While many thought ACA would address many health-care problems, premiums continue to rise, Miller-Meeks said. “Portability and accessibility are still problems,” she added.
Hart said the first order of business is to stop weakening coverage. “I think it’s really important that we take what we have now and improve upon it. The thing that we cannot do is to go backwards, and that’s why it’s very, very troubling to see the Republicans continue to go down this pathway of trying to take away the Affordable Care Act and the provisions that people have found so important to their families,” Hart said.
“That would include (coverage for) pre-existing conditions and the ability to keep your child your plan until they are 26,” said Hart, a former state senator, former teacher and 2018 candidate for lieutenant governor.
Both candidates hope Congress will shake off a partisan battle to approve another stimulus bill to help businesses, workers and local governments through the financial upheaval of the pandemic.
Hart said she was glad to see bipartisan support of the first stimulus package, which makes the current deadlock in Congress troubling. “It’s disappointing now that they are struggling to get it the second relief package done because people are still suffering, and we don’t have this virus under control and so the pain is going to continue,” Hart said.
“We do know that the hospitality industry, and the retail industry got hit very hard and will continue to get hit hard,” Hart said. “The people who have lost their jobs through no fault of their own still need to be to get that unemployment. And we might want to make sure that people can pay their rents, and landlords can only last so long.
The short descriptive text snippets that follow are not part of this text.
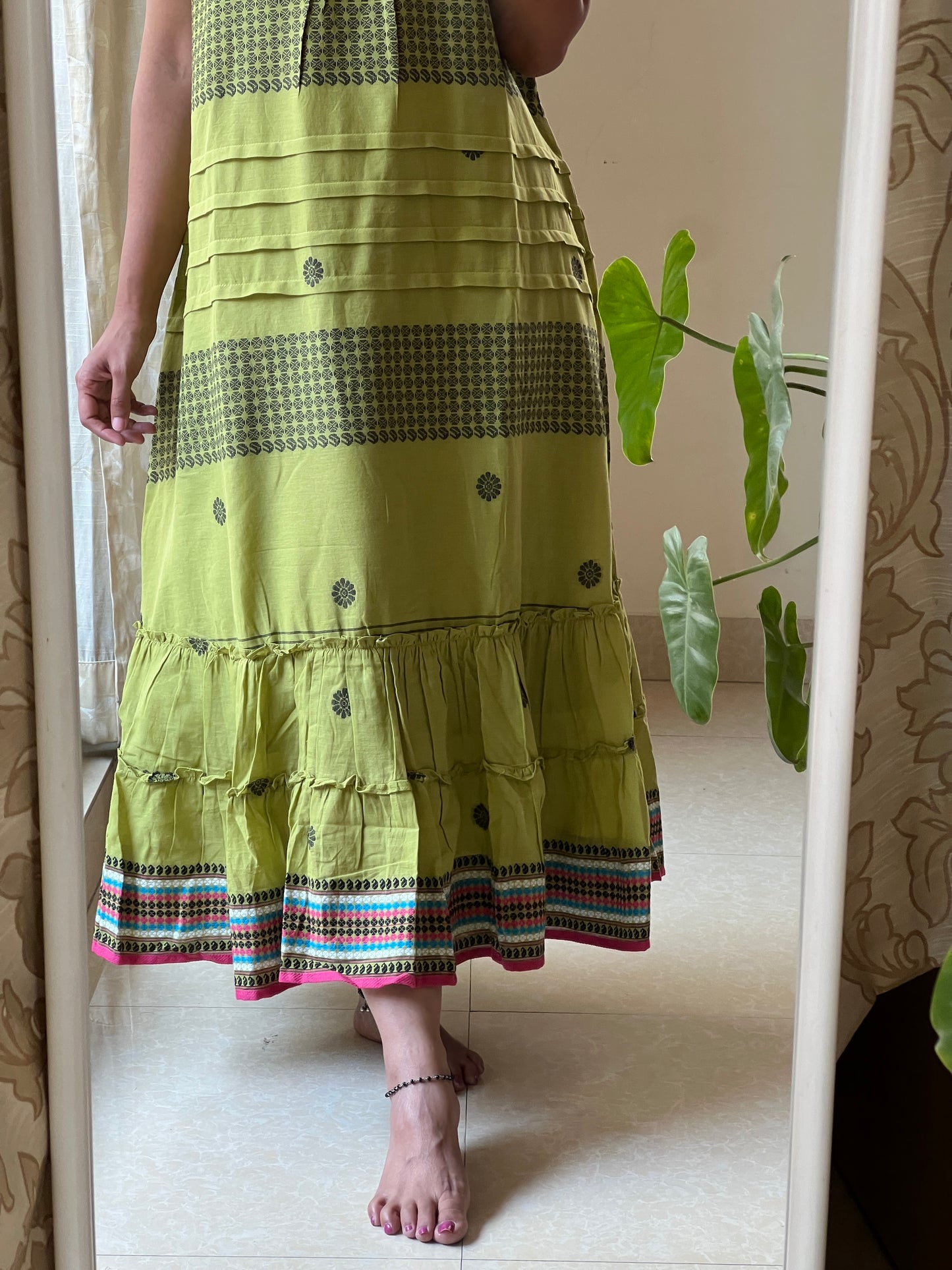 A0362 green Bengal cotton jamdani one piece dress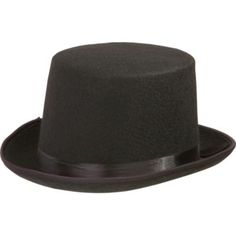 Congrats & this Top Hat makes you a member of high society a landed 19th century gentleman. This felt Top Hat features a vintage gothic design with a high flattened crown a narrow brim turned up at the sides and a gleaming faux leather hatband. It's lined for comfort hemmed with faux leather and made to last well into the 20th century. Felt Top Hat product details:  10in wide x 12in long x 4in tall Fabric and felt One size fits most teens and adults Spot clean only Classic Black Hat For Costume, Adjustable Top Hat With Flat Crown For Formal Events, Adjustable Top Hat With Flat Crown For Formal Occasions, Formal Adjustable Top Hat With Flat Crown, Elegant Costume Top Hat With Short Brim, Elegant Top Hat With Short Brim For Costume, Elegant Short Brim Top Hat For Costume, Classic Brimmed Costume Hats For Party, Brimmed Top Hat For Winter Costume Party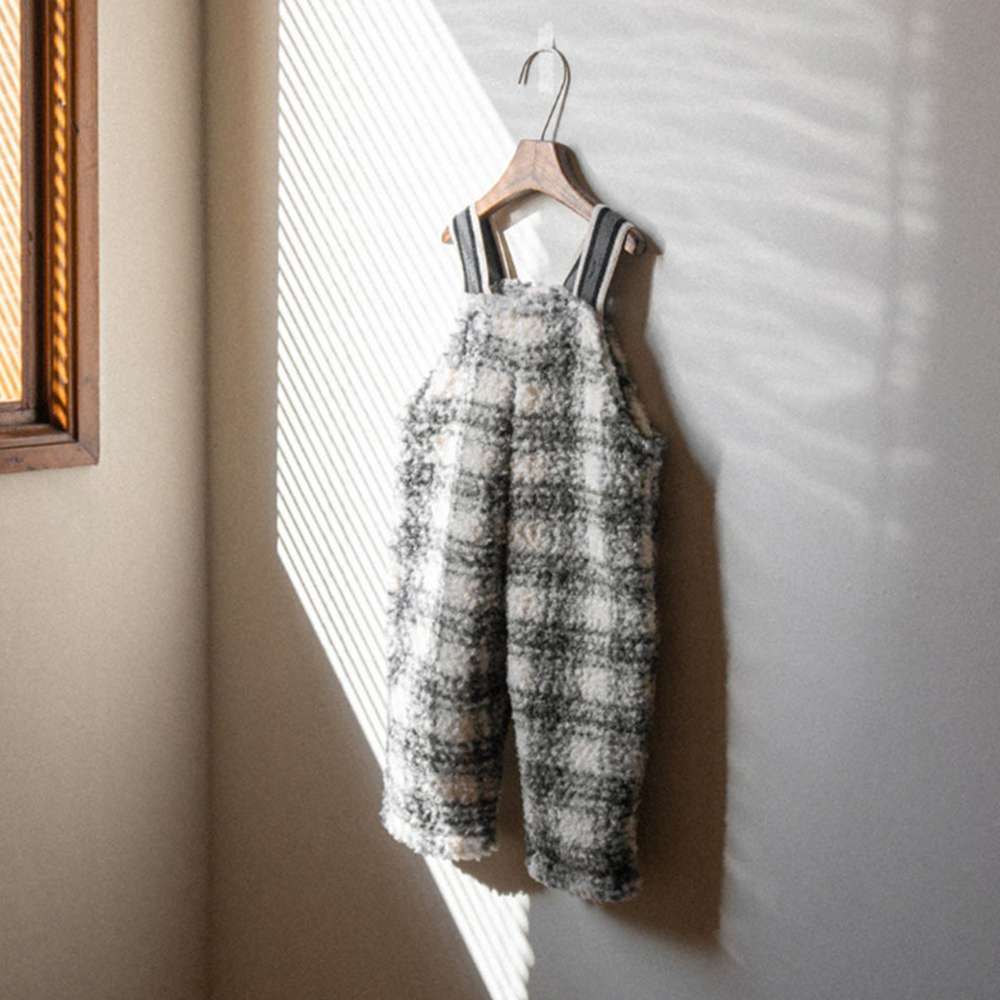 サロペットパンツ・サスペンダーパンツ Dark Blue / 73cm サスペンダーサロペット | うさぎチェックボーダーボア | もこもこオーバーオール【mh0011502】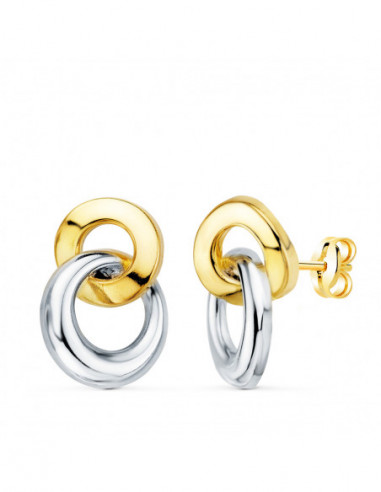 18K PENDIENTES ORO BICOLOR DOBLE ARO...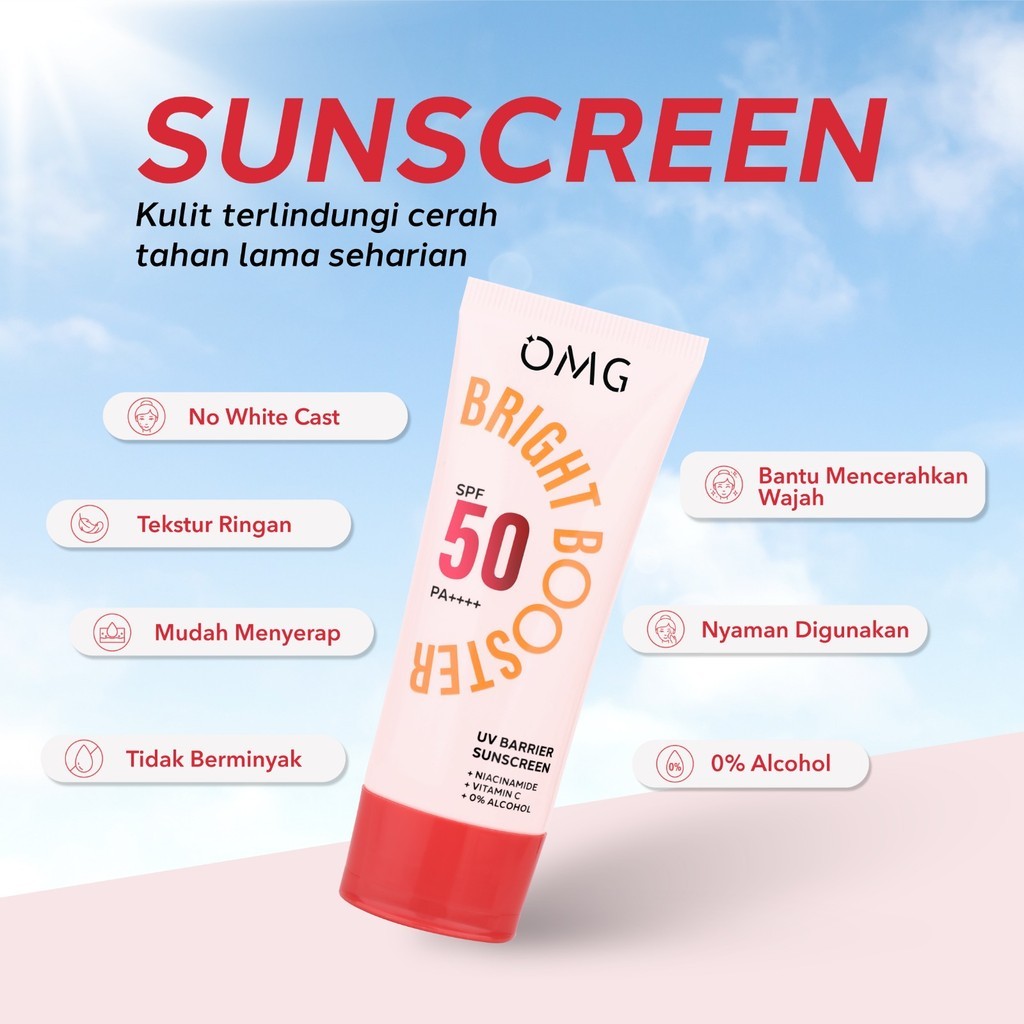 OMG Oh My Glow Bright Booster UV Barrier Sunscreen SPF 50 PA++++ Series 25 & 60mL || Sun Care Indone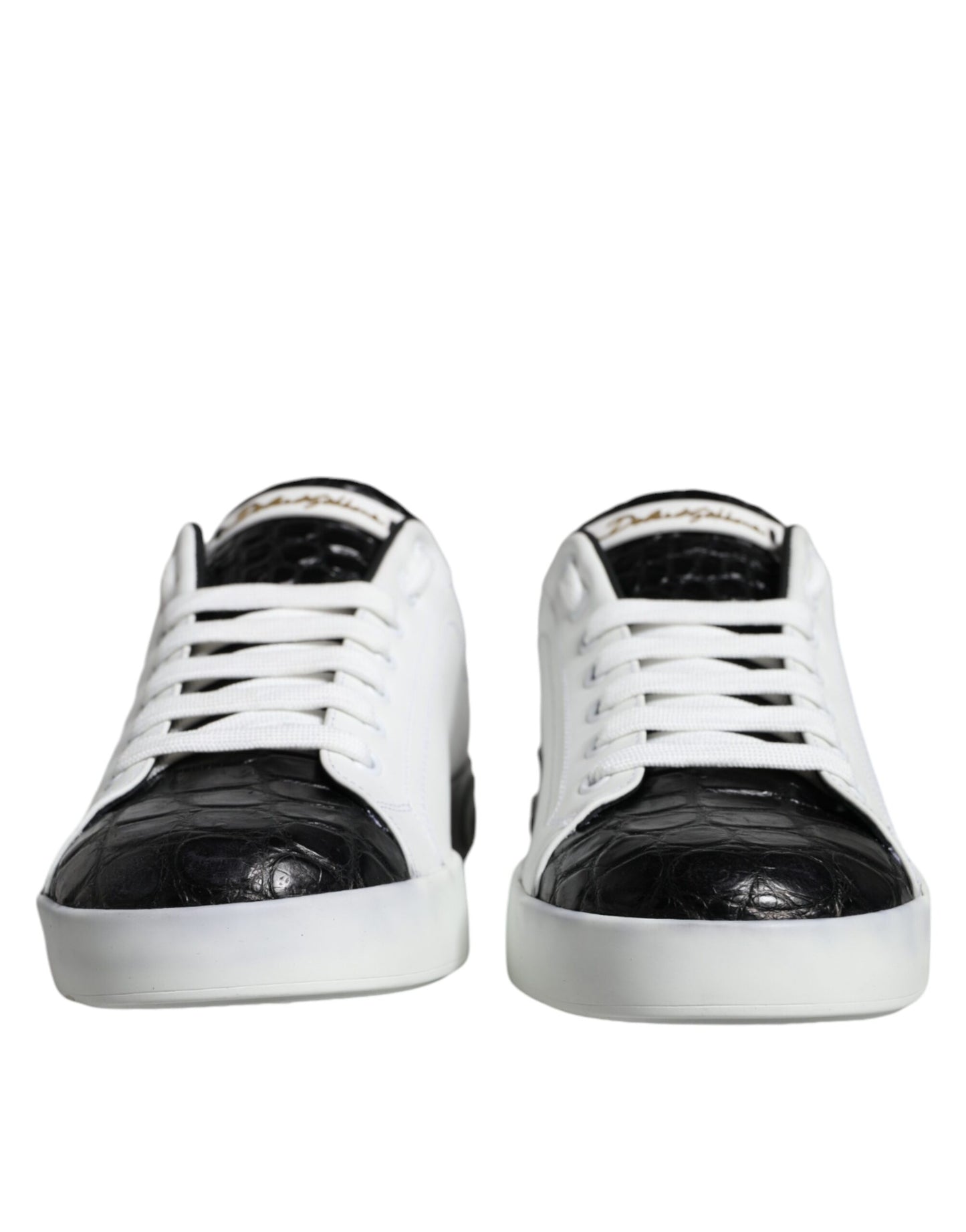 Dolce &amp; Gabbana Black Leather Logo Portofino Sneaker Shoes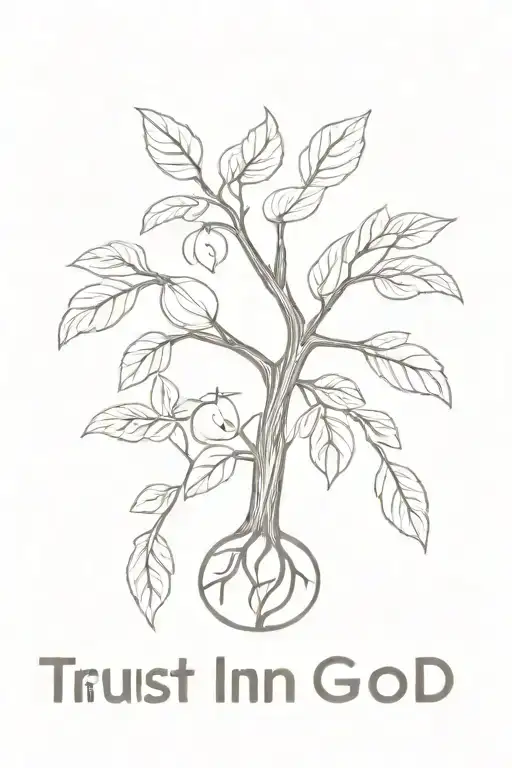 a tree with leaves and bitten apples in the tree and the wooden part says "trust in god" tattoo design idea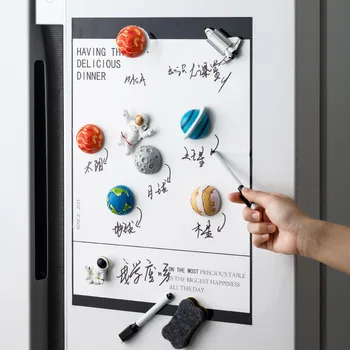 Магнитная наклейка на холодильник Home 3D Planet Космическая Луна Астронавт Космический корабль Земля Доска Креативное украшение дома Наклейка-магнит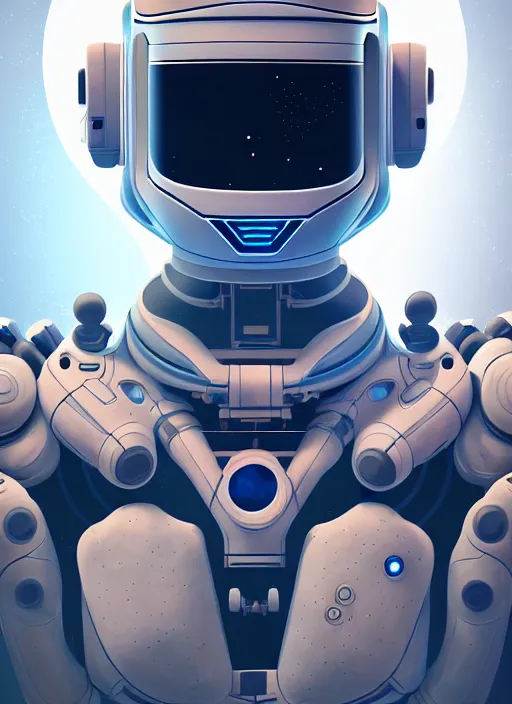 Image similar to symmetry!! portrait of a robot astronaut, moon, horizon zero dawn machine, intricate, elegant, highly detailed, digital painting, artstation, concept art, smooth, sharp focus, lineart illustration, 8 k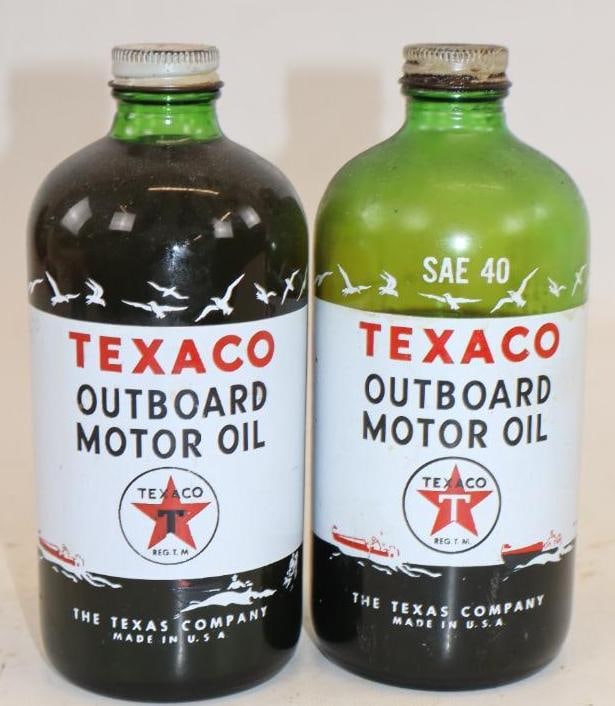 Group of 2 Texaco Glass Bottles With Ships and Seagull's: 16oz Each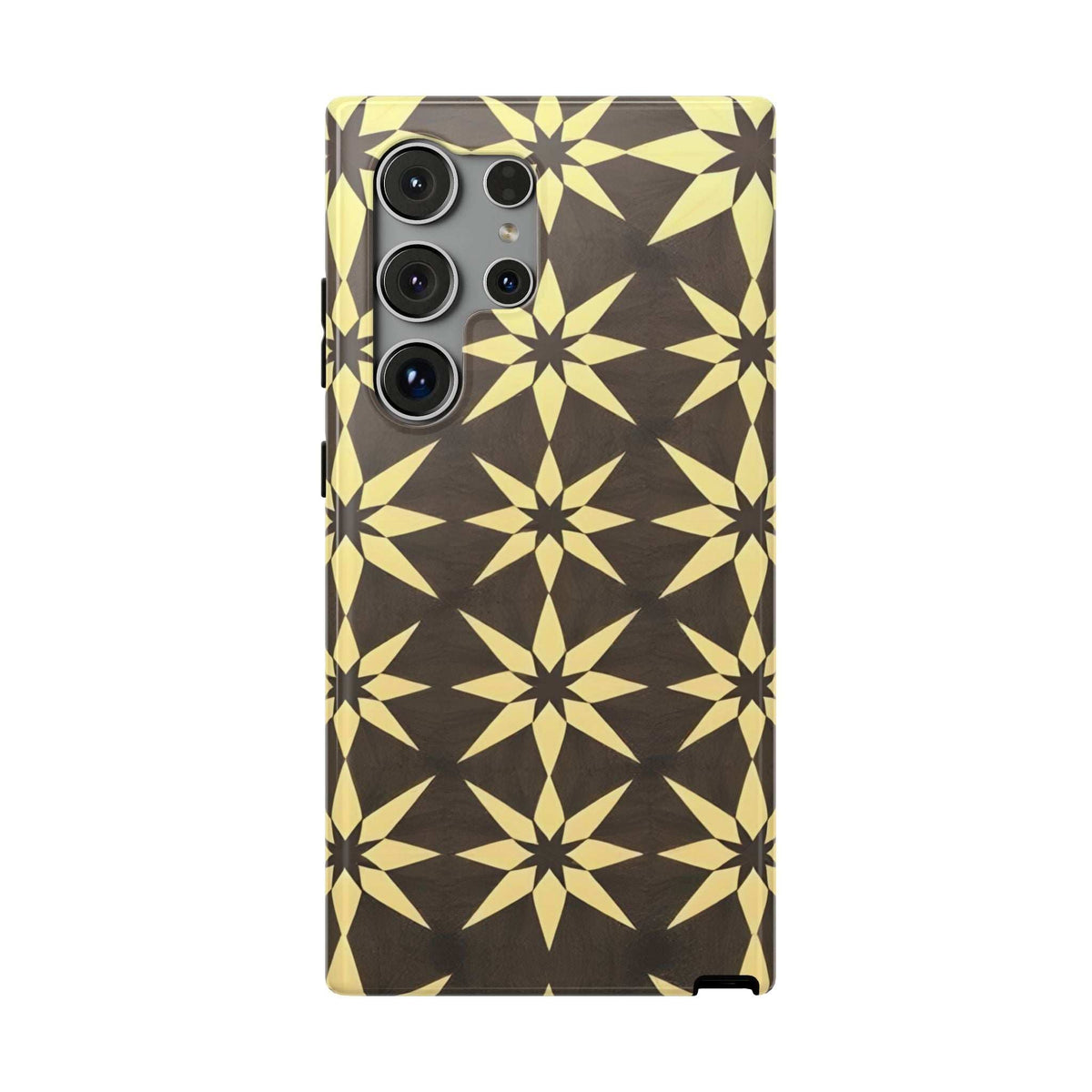 Phone case with geometric star pattern in black and gold; quad-camera layout visible.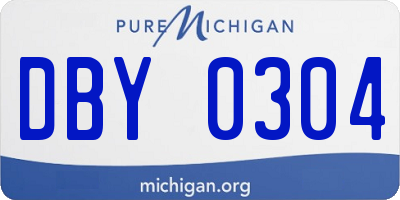 MI license plate DBY0304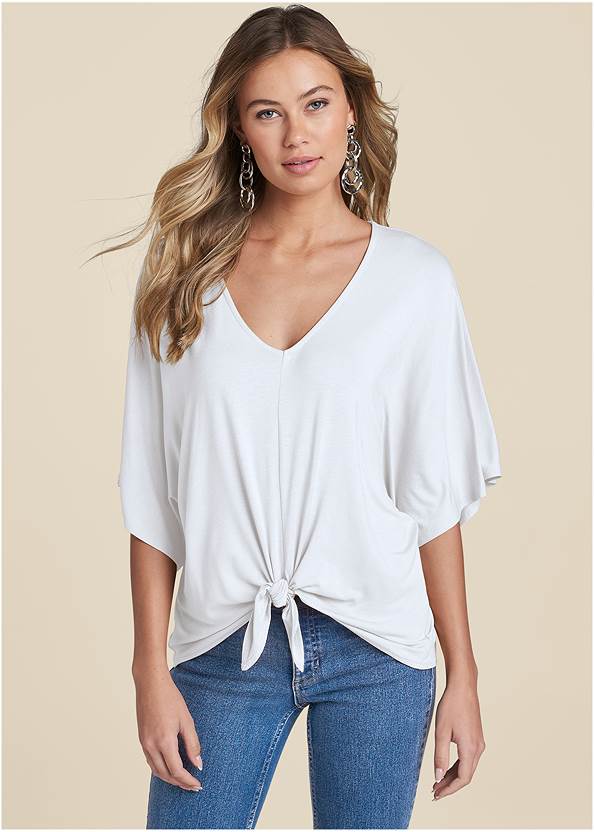 Front View Knot Twist V-Neck Tee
We don’t want to add to the homelessness problem,” she added.
Miller-Meeks also praised the first stimulus package, and said more federal aid is needed.
“I think that we found that the pandemic is lasting a lot longer than we thought it would,” Miller-Meeks said. “This virus has proven to be very tricky and very resilient.”
“The second relief package is also necessary,” Miller-Meeks said. “I think it does need to continue to cover unemployment for those people who have not been able to go back to work or whose jobs have ended,” and the $600 in added unemployment benefits should be debated, she added.
In recent weeks, the candidates have focused their campaigns on meeting with constituents via Zoom and in socially distanced appearances.
The early going saw Hart winning the fundraising war.
Through the end of June, the most recent reporting deadline, Hart had raised nearly $1.9 million, more than twice Miller-Meeks’ $898,251. Hart had $1.4 million on hand, and Miller-Meeks, $505,678.
Miller-Meeks’ top contributors included Musco Lighting, $11,200; Brownell’s Inc., $10,900 and Hawkeye PAC, $10,000. Hart had slightly larger donations, with $43,750 coming from donors affiliated with the University of Iowa, $27,400 from Digidems PAC, and $26,023 from EMILY’s List.
In the weeks leading up to the debate, Miller-Meeks floated the idea of a fuel tax increase to help pay for infrastructure. Hart pushed to end Trump era rollbacks of environmental regulations, and opposed waivers of ethanol blending requirements.
Hart also enlisted former Sha Na Na singer Jon “Bowzer” Bauman to support her campaign, and Social Security, in an online appearance at his keyboard.